◆ Dataset records
┄┄┄┄┄┄┄┄┄┄

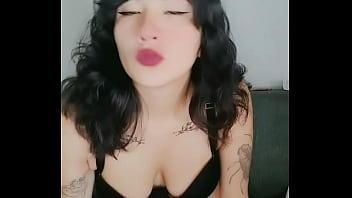 Cachonda frente a la cámara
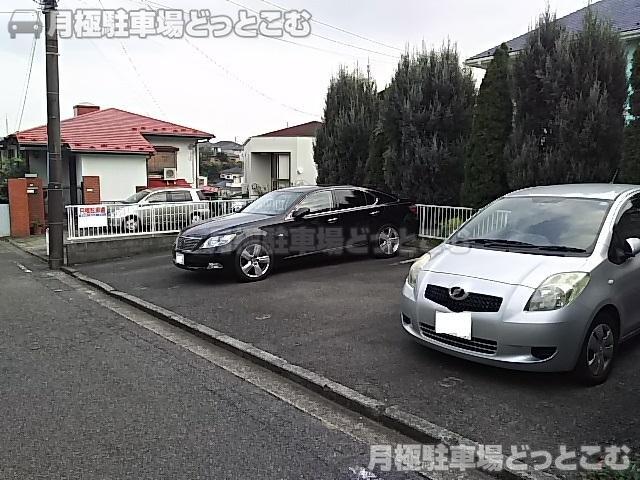 横浜市鶴見区北寺尾1-15の月極駐車場1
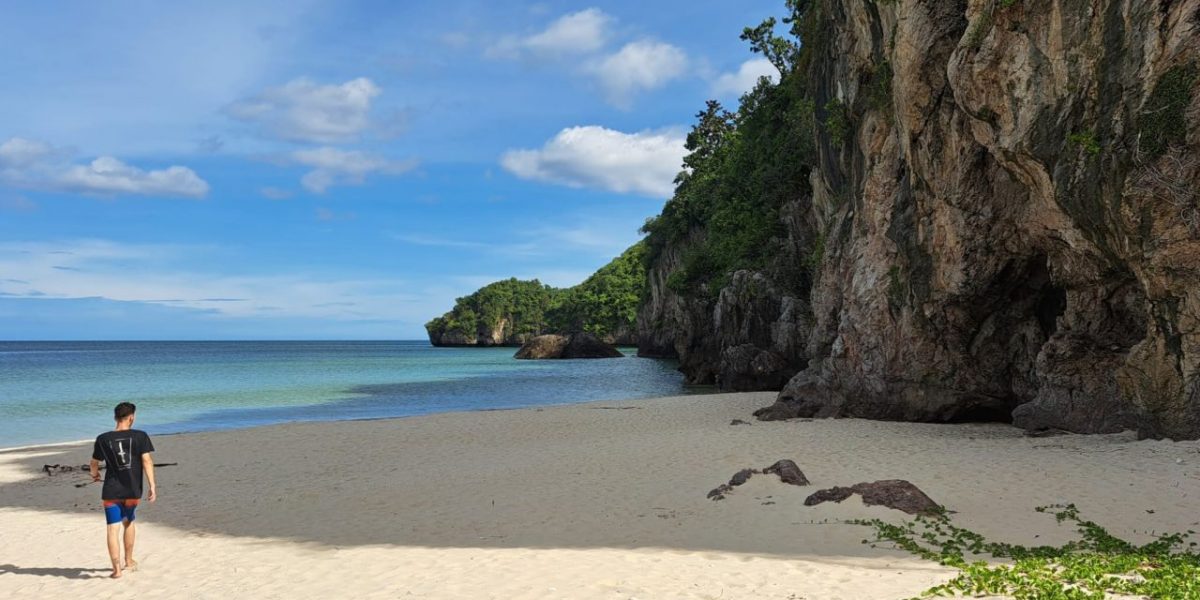 Einsamer Strand an der Küste von Chumphon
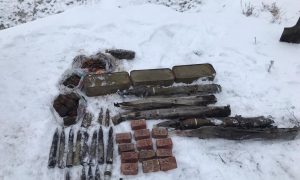 Фото: СБУ на Луганщині знайшла арсенал зброї терористів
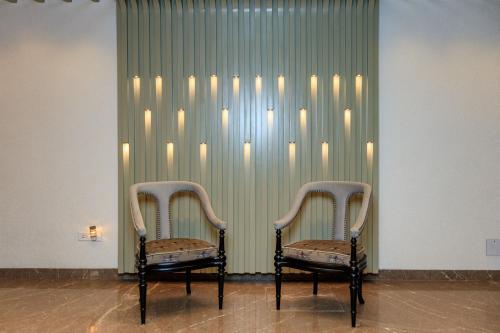 Zona de estar de Hotel The Savode - Just 2 Mins From Golden Temple Amritsar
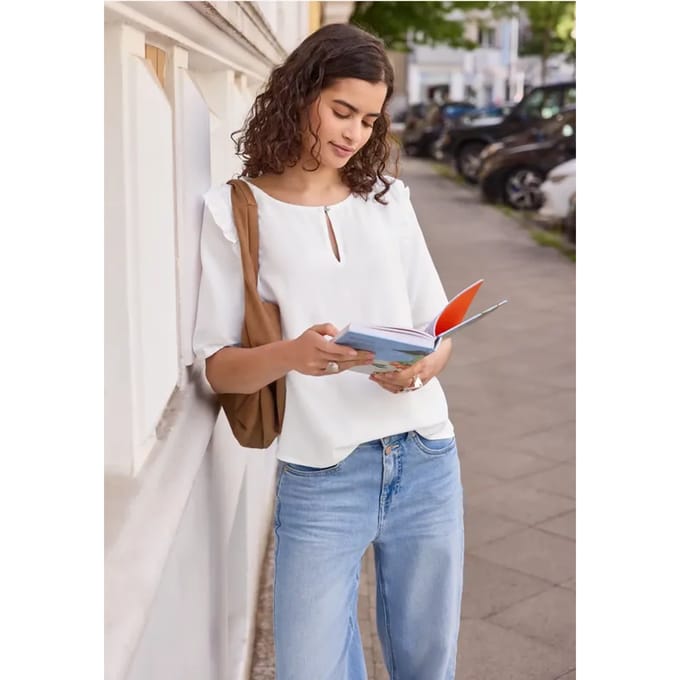 Blouse met korte mouwen en volantdetails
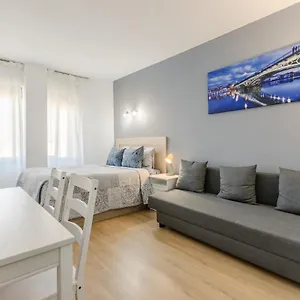 apartament-hispalis-triana.es-andalucia.com/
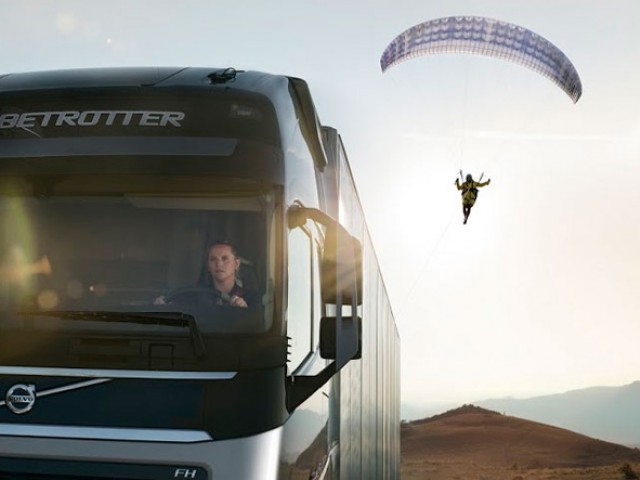 Volvo Trucks develará próximamente su espectacular prueba "El Pasajero con alas", protagonizada por un camión y un parapentista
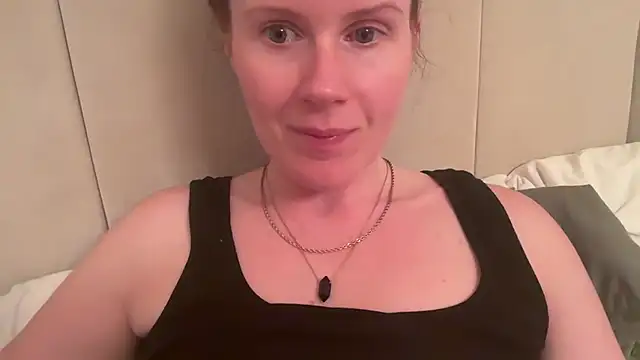Snapshot of redheadrosie69 chatting on September 11, 7:14 pm redheadrosie69 online show from September 11, 7:14 pm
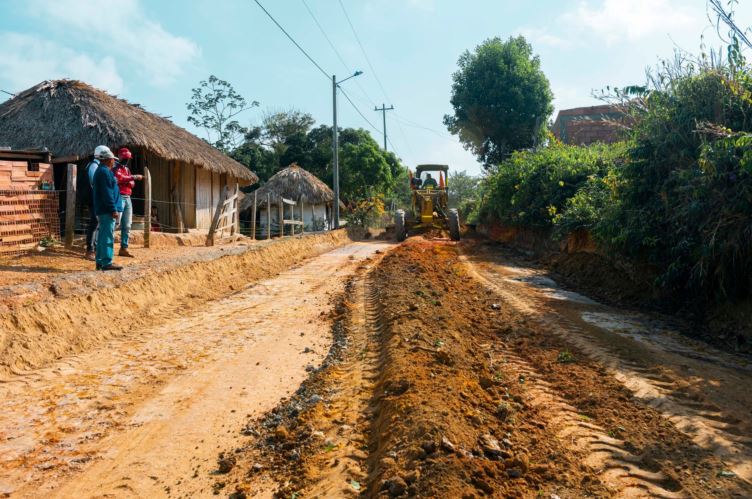 Photo of Inició la pavimentación de tramos críticos de la vía El Contento – La Esperanza en Pueblo Nuevo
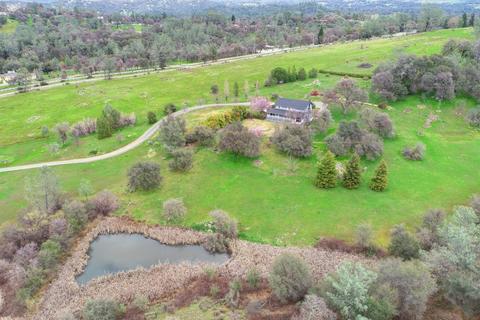 15345 Perimeter Rd, Grass Valley, CA 95949 photo 4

┄┄┄┄┄┄┄┄┄┄

◆ ACTIVITY
Give again, exactly as written above, every line from the one holding "Blouse met korte mouwen en volantdetails" to the one holding "Volvo Trucks develará", with both ends kept and the pictures left out.

◆ SOLUTION
 Blouse met korte mouwen en volantdetails
 apartament-hispalis-triana.es-andalucia.com/
 Volvo Trucks develará próximamente su espectacular prueba "El Pasajero con alas", protagonizada por un camión y un parapentista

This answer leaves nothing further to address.